「学校内ネットワーク」の問題をどう解決する? 「GIGAスクール構想」発展に向けたNECの取り組み(前編)(1/4 ページ)
文部科学省の「GIGAスクール構想」が本格的に始まって1年半が経過した。2021年4月までに端末とネットワークはおおむね整備された……が、ネットワーク回りに関する課題は現在も解消しきれていない。NECはこの課題にどう取り組んできたのだろうか。担当者から話を聞いた。
NECは以前から、教育市場向けのICT機器を開発してきた。とりわけ、文部科学省が「GIGAスクール構想」を発表した後は、その狙いに合致する製品の開発や導入を加速している。
筆者は、最近のNECの教育市場に対する取り組みについて、取材する機会に恵まれた。この記事では、学校におけるネットワーク(通信)に関する話をお伝えする。
学習用端末を“活用”するフェーズになって見えた「課題」
学校におけるネットワーク機器に関する話は、デジタルネットワーク事業部 ネットワーク販売推進グループの小川将慶主任から伺った。
2020年度(2020年4月)から本格的にスタートしたGIGAスクール構想だが、同年度の終わり(2021年3月)までに、公立の義務教育課程の学校(※1)のうち96.1%において学習用端末(PCまたはタブレット)の配備が完了し、86.2%が学校内のネットワーク整備を完了している。ネットワーク整備については、「2021年4月まで」まで範囲を広げると見込みを含めて97.9%の学校で完了したという。
この数値を踏まえて、NECでは2021年度は「1人1台端末」の本格活用のフェーズに入ったと見ているという。
(※1)小学校、中学校、義務教育学校(小学校と中学校を統合した学校)、中等教育学校(中学校と高等学校を統合した学校)の前期課程、特別支援学校の小学部と中学部
GIGAスクール構想では、学校内に高速な通信ネットワークを構築することを求めている。そこでNECは、各地の教育委員会や学校と共同で、端末や校内ネットワークの事前評価を行った。その結果、多くの学校が通信の極端な遅延と通信エラーの多発という2つの課題に直面した。どちらの問題も、端末よりもネットワーク環境に原因があったという。

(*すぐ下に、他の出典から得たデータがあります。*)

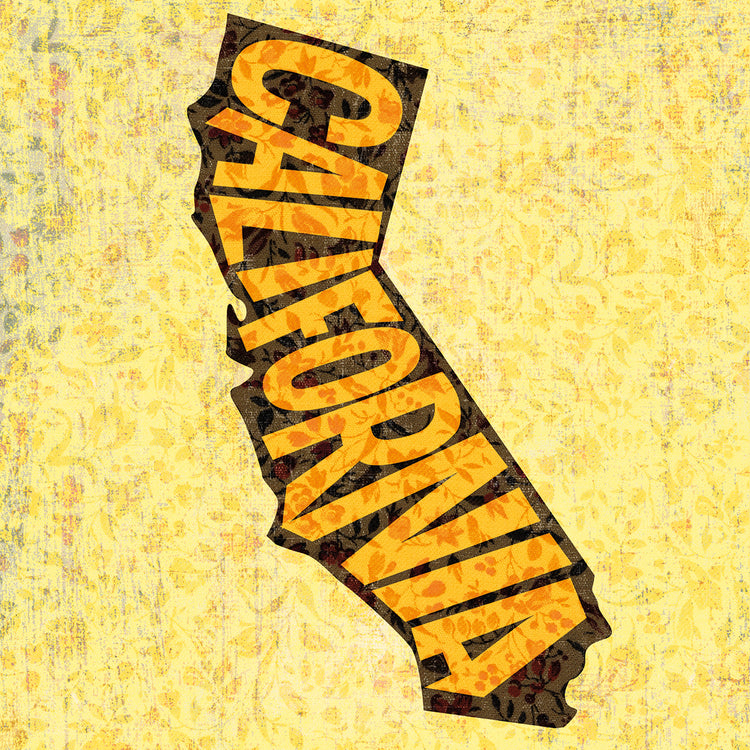 Arte de la lona de California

これらの問題は、NECが関与した事例以外でも見受けられ、文部科学省も把握している。同省は2021年3月、都道府県や政令指定都市の教育長などに対して「GIGAスクール構想の実現に向けた通信ネットワークの円滑な運用確保に係る対応について」(PDF形式)という通知文を発出した。この通知文では、学校の設置者に対してネットワーク構築時にアセスメント(事前評価)を実施するように促している。
この通知に合わせて、インターネット接続を担うプロバイダーの業界団体であるJAIPA(日本インターネットプロバイダー協会)も、アセスメントにおいてチェックすべきポイントの解説資料(PDF形式)を公開した。
ところが、NECによると、実際にネットワークを構築する舞台となる学校に文部科学省の通知やJAIPAの解説資料を紹介しても、自分の学校のネットワークの“どこ”に問題があるのか分からないということが多いのだという。
そこで同社は、ネットワークの課題を把握するためのポイントを「学習用端末が同時にどれくらいの通信を行うのか?」と「経路となるネットワークがどれくらいの通信に耐えられるのか?」という2点に絞って話をするようにしているという。